Selain kemampuan Glenn Ficarra dan John Requa mengolah materi agar menghindar dari unsur politik yang terlalu gelap serta mengolah bentrokan budaya menjadi manis, lalu sinematografi yang oke, kinerja cast juga banyak memberikan kontribusi positif. Selain memanfaatkan aspek jurnalistik fokus lain film ini adalah mengamati manusia di medan perang, dan itu cukup berhasil karena ia memiliki banyak karakter menarik. Margot Robbie, Martin Freeman, hingga Alfred Molina berhasil menjadi kompatriot yang pas bagi bintang utama, Tina Fey, mereka berhasil mencuri atensi tanpa mencuri fokus utama. Tina Fey sendiri berhasil menyeimbangkan sisi drama dan komedi dengan baik, performanya terasa terkendali dengan bagian paling menarik adalah kemampuannya membuat Kim Baker punya pesona yang menarik untuk diikuti.

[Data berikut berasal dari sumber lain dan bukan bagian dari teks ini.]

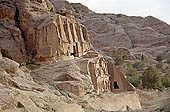 Petra - the Obelisk Tomb 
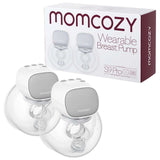 Momcozy® double electric breast pump S9 Pro Hands-Free Grey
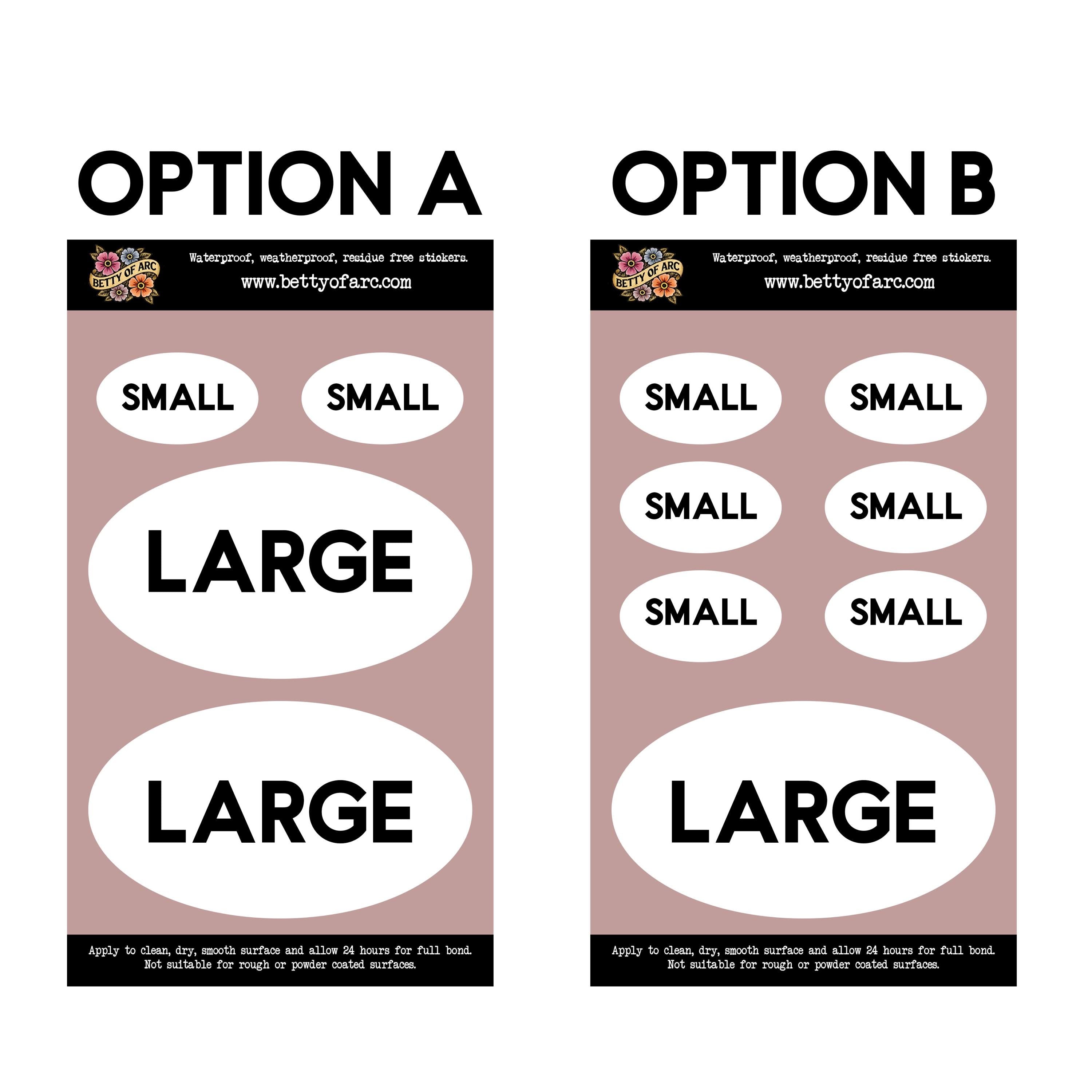 Be Pretti Good Sticker Sheet - activism sticker - Removable, Water-Resistant, UV-Resistant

Jika memakai perumpamaan Whiskey Tango Foxtrot ini seperti segelas soft drink, minum dengan rasa manis buatan yang terasa nikmat tapi pada akhirnya tidak memberikan rasa kenyang. Itu pula penyebab mengapa film ini berada di zona yang tidak jelas, ia tidak buruk namun juga tidak sangat menawan, terdapat rasa enjoy yang diperoleh penonton tapi ketika ia berakhir yang tertinggal hanya senyuman bukan tepuk tangan sambil berkata wtf WTF. Jika kamu datang dalam kondisi “lapar” maka kemungkinan kamu akan pulang dengan sedikit rasa kurang puas, namun jika kamu datang dengan perut dalam kondisi yang tidak begitu kosong maka Whiskey Tango Foxtrot aja menjadi sajian yang membuat kamu merasa “kenyang” di akhir cerita. Segmented.